**Problem to solve:**
In the listing beneath this line, copy exactly the lines starting with the one containing "欧洲站复古薄款防晒外套女2025夏季新款休闲短款拉链防紫外线上衣" and going on through the one containing "Girl in a Hooded Cloak with a Cat".

Source data START

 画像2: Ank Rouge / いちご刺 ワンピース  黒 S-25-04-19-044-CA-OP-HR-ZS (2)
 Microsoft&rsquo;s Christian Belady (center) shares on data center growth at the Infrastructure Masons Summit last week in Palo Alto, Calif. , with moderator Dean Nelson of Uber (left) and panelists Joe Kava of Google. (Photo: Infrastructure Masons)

Source data END
Source data START

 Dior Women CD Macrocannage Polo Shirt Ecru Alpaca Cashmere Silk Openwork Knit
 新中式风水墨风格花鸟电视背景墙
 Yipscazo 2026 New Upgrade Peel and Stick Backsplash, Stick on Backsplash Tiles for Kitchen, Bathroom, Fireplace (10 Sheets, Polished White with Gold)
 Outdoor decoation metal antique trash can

Source data END
Source data START

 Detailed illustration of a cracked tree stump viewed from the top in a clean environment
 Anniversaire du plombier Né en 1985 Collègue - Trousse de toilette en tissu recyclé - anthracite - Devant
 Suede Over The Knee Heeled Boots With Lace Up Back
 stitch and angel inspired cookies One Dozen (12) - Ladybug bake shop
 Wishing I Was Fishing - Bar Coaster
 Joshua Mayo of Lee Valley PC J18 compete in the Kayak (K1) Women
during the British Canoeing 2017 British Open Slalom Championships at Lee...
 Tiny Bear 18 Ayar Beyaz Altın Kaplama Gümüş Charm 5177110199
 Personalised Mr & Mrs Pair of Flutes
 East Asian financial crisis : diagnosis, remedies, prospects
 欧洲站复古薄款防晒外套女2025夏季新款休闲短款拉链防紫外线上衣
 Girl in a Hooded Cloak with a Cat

Source data END

**Exercise result:**
 欧洲站复古薄款防晒外套女2025夏季新款休闲短款拉链防紫外线上衣
 Girl in a Hooded Cloak with a Cat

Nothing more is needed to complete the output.